A popular approach to getting your attention (and often your money) is to instruct you that there is ‘one thing’ you must do.

What do they say?

Many journalists, consultants and sales people assert that there is just ‘one thing’ you must do to remain in practice, to generate new clients, to increase your fees or to achieve your heart’s desire.

Is it ever true? Rarely in my experience. This means that I inevitably then start to question the credibility of those who make such statements. If they can make such nonsense claims up front, why should I believe what else they recommend – whether it’s their own product/services or other actions I should take?

My view

I first started to learn about and apply marketing and sale techniques in the mid 1990s.
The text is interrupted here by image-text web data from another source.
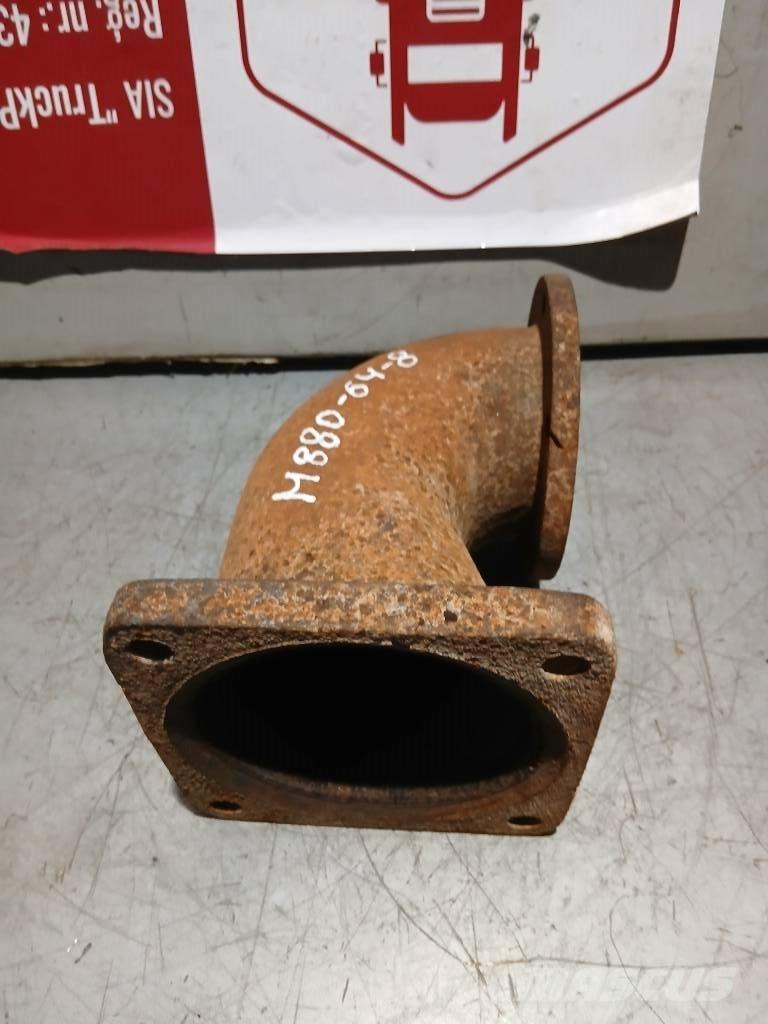 MAN TGA     51152013250 Motorer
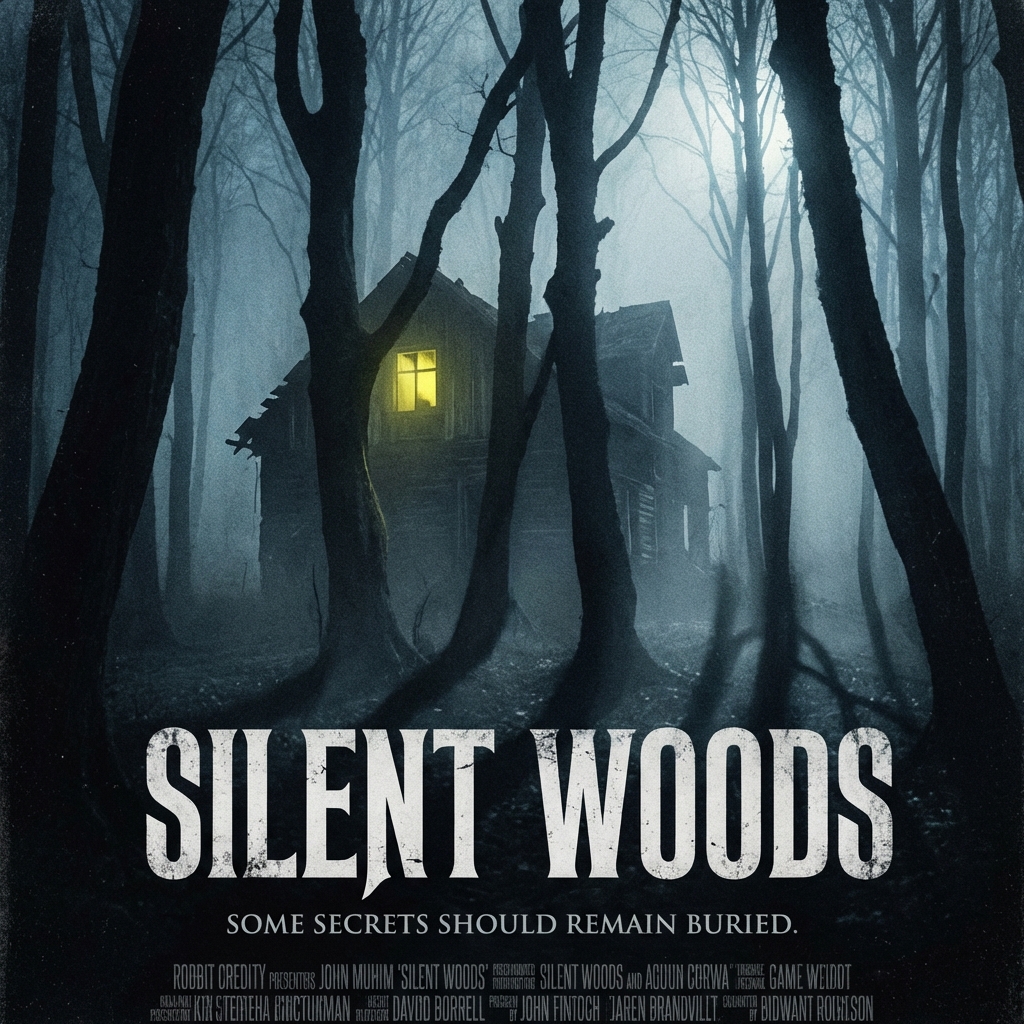 Silent Woods Horror Stream in HD Qualität
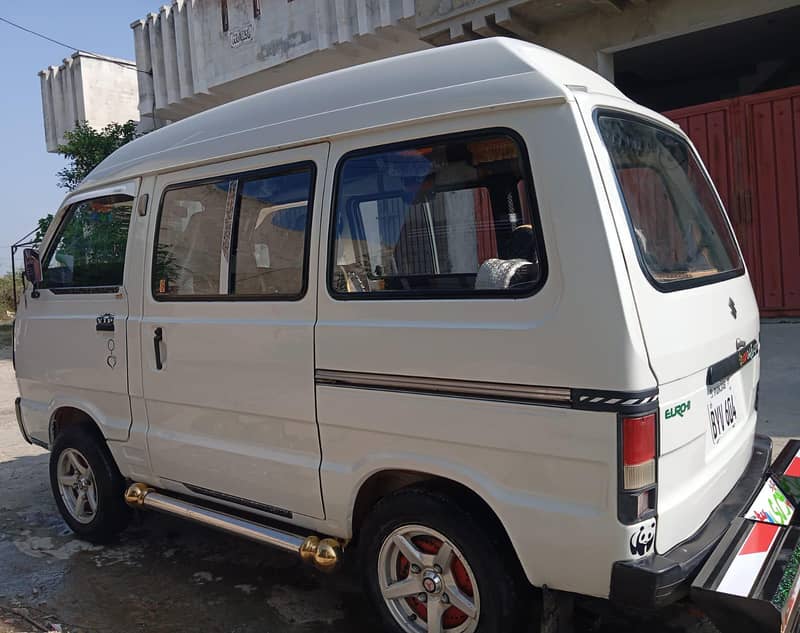 Suzuki Bolan 2016 4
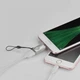 Адаптер переходник Hoco UA10 USB to Micro USB OTG USB3.0 Silver (UA10) - изображение 6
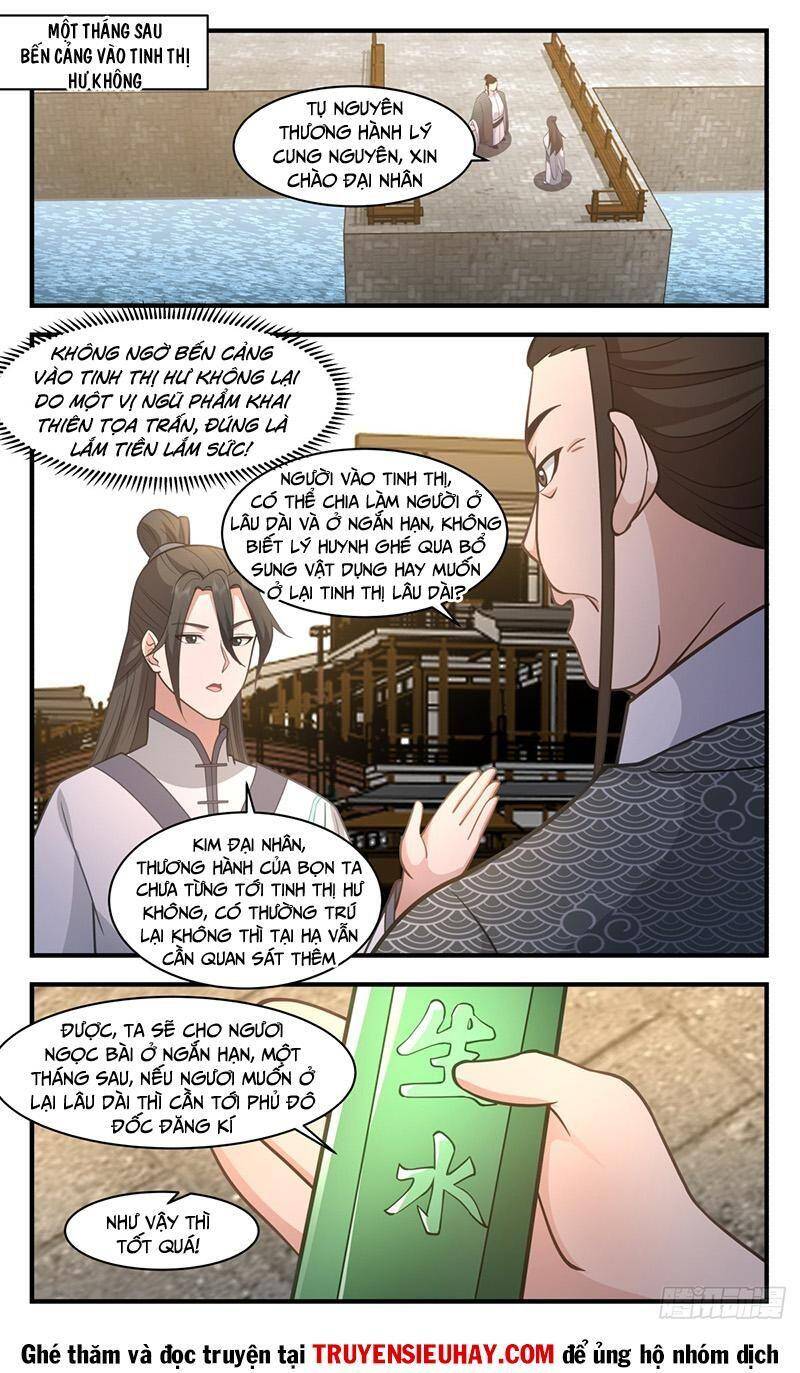 Võ Luyện Đỉnh Phong Chap 2770 - Next Chap 2771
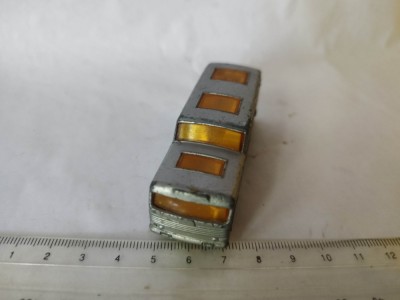 bnk jc Matchbox 66c Greyhound Bus foto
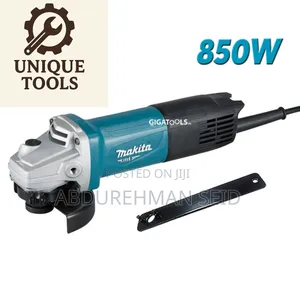 Photo - Makita Small Grinder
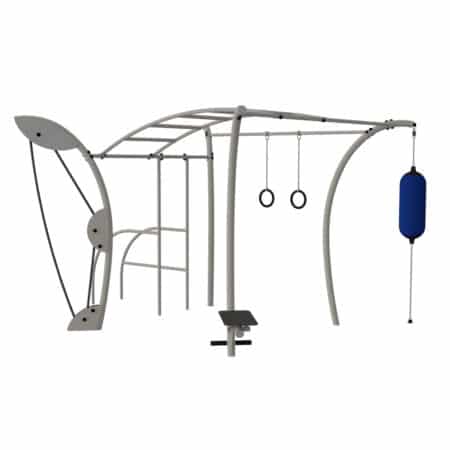 Norwell Calisthenicsanlage Power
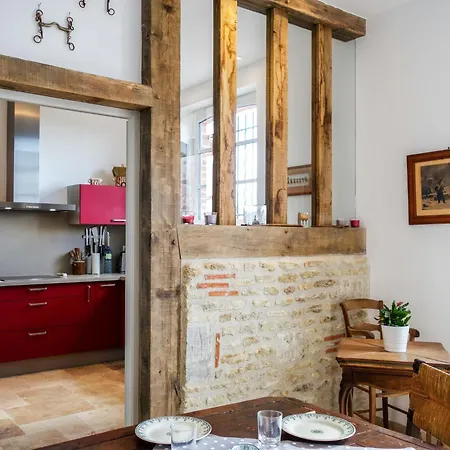 Les Ecuries De Callenville By Interhome * Trouville-sur-Mer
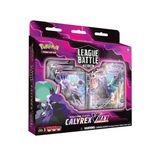  PD102 - Bài Pokemon TCG Shadow Rider Calyrex VMAX League Battle Deck 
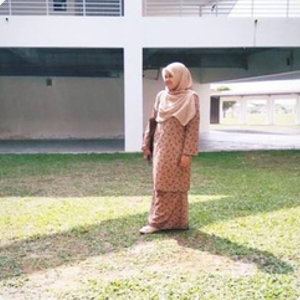 Rabiatul Adawiyah Nazri studying Diploma in Early Childhood Education at Widad University College ,Kuantan Pahang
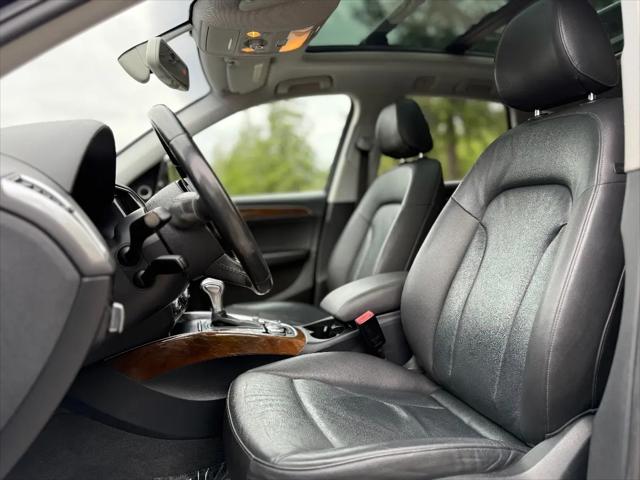 2015 Audi Q5 3.0 TDI Premium Plus
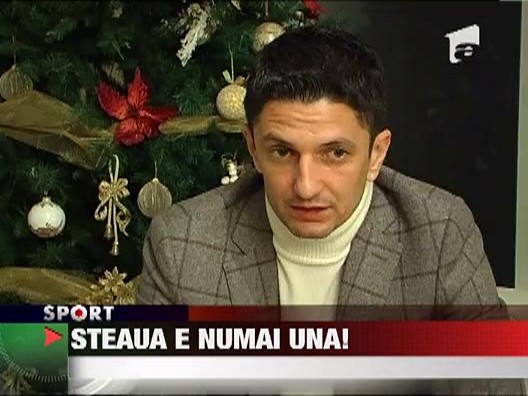 Steaua e numai una in Europa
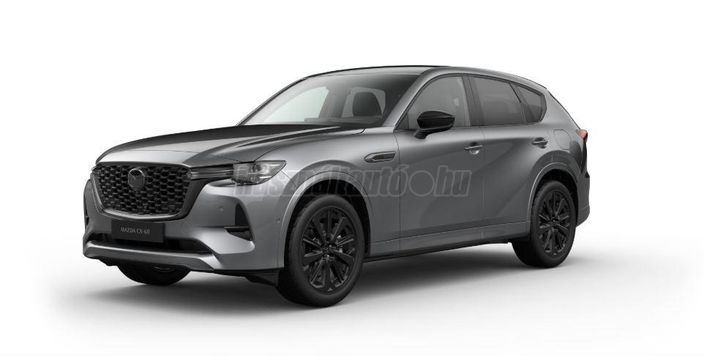 MAZDA CX-60 3.3 Skyactiv D Homura Plus AWD (Automata)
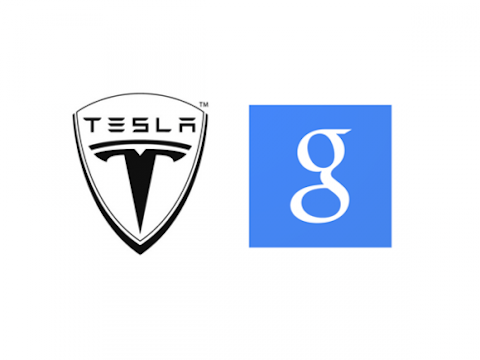 Google, is GOOGL a good stock to buy, NASDAQ:GOOGL, Tesla, is TSLA a good stock to buy, NASDAQ:TSLA, Elon Musk, Larry Page, acquisition, Ashlee Vance, Betty Liu, negotiation, conditions,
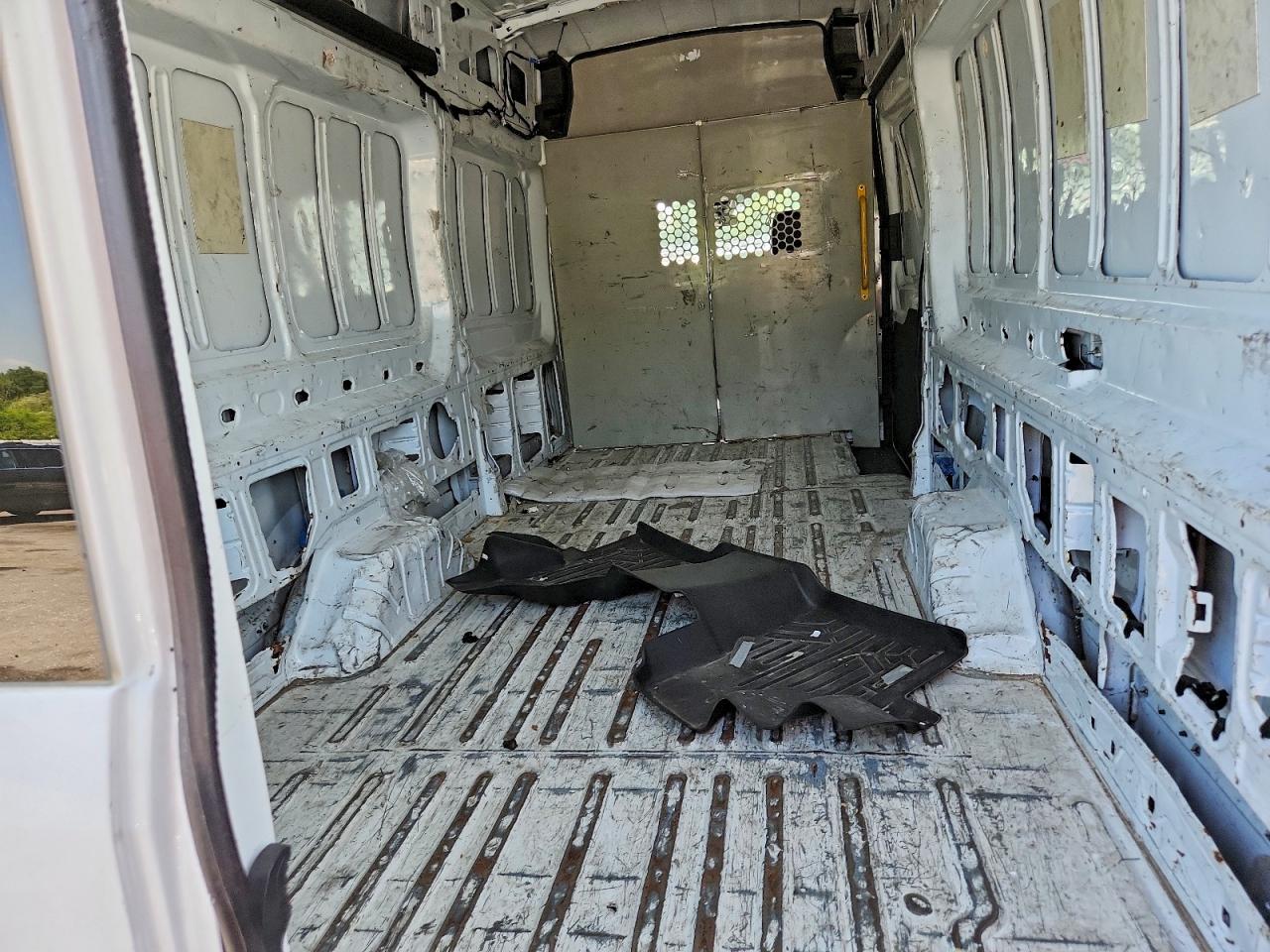 2021 FORD TRANSIT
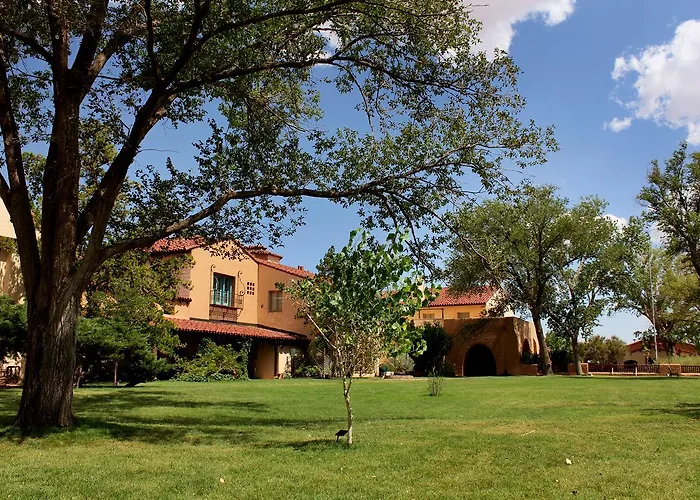 La Posada Hotel And Gardens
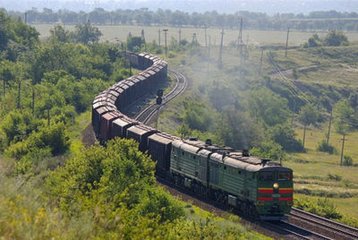 Sino-Russian logistics transport volume passing through Kazakhstan will increase to 30 million tons per year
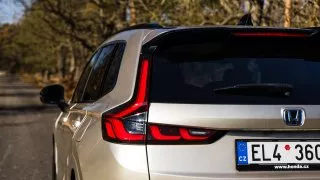 Honda CR-V e:PHEV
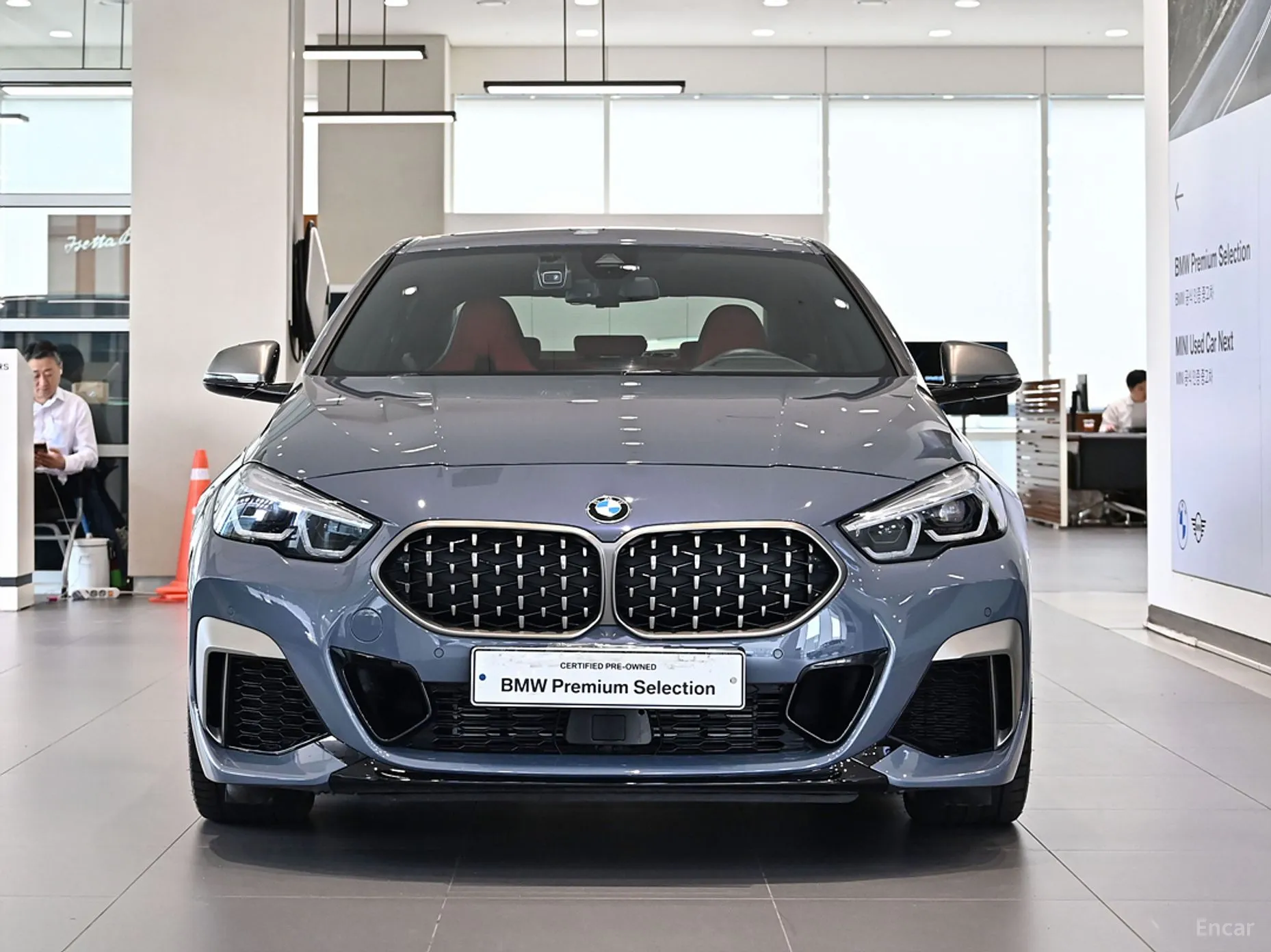 BMW 2 Series Gran Coupe (F44) превью 2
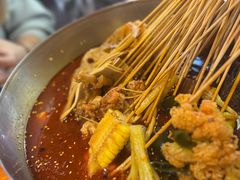 成都冷锅串串香-付小姐在成都(中山公园店)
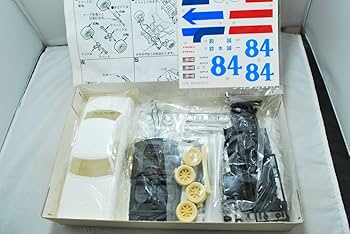 Amazon.co.jp: ピットロード 1/24 丸善 マルゼンテクニカ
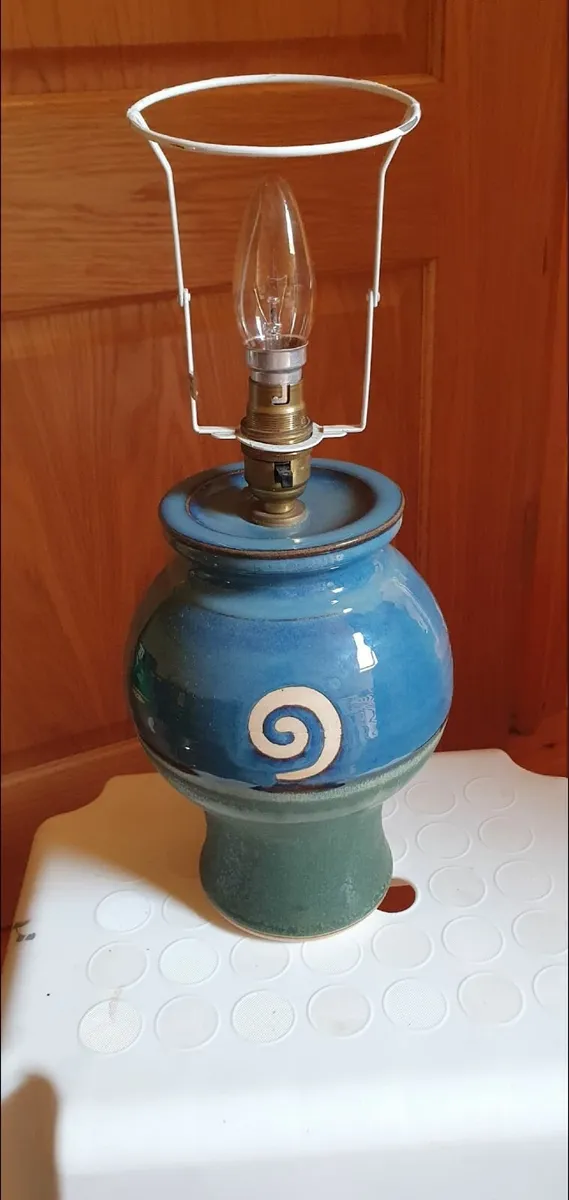 Jack O Patsy pottery - Image 1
Then in 2006 I became an independent speaker, mentor and consultant – since when I have learned more than ever before. I’ve read hundreds of websites, white papers and books, watched many dozens of videos and attended goodness knows how many training courses and conference sessions. I continue to research and discuss related topics with experts and speakers every month (if not every week!) And all this time I’ve been working with accountants helping them to be more successful in practice.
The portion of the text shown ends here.